◆ Action item
Show every line of the data where the word "Preview" can be found.

═══ Dataset records

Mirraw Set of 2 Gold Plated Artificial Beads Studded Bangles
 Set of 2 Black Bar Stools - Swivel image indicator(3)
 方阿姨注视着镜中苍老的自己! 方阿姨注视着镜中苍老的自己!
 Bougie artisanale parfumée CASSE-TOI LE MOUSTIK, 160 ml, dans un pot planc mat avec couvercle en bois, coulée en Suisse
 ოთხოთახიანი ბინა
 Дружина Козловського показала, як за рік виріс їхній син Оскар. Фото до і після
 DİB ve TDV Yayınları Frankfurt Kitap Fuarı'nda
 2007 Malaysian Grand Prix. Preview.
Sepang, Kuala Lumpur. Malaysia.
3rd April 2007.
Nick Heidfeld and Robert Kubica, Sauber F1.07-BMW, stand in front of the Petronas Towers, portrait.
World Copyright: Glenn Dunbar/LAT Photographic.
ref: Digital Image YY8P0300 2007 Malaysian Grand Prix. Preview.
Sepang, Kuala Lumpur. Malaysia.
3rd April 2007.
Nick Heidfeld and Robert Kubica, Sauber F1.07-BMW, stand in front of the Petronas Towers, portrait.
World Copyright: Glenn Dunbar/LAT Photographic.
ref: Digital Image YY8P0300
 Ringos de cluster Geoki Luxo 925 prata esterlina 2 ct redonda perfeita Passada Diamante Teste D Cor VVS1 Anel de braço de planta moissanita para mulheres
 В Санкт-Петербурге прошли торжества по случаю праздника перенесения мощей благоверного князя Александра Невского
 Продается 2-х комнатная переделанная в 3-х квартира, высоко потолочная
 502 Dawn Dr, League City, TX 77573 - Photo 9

══════

◆ Task result
 2007 Malaysian Grand Prix. Preview.
ref: Digital Image YY8P0300 2007 Malaysian Grand Prix. Preview.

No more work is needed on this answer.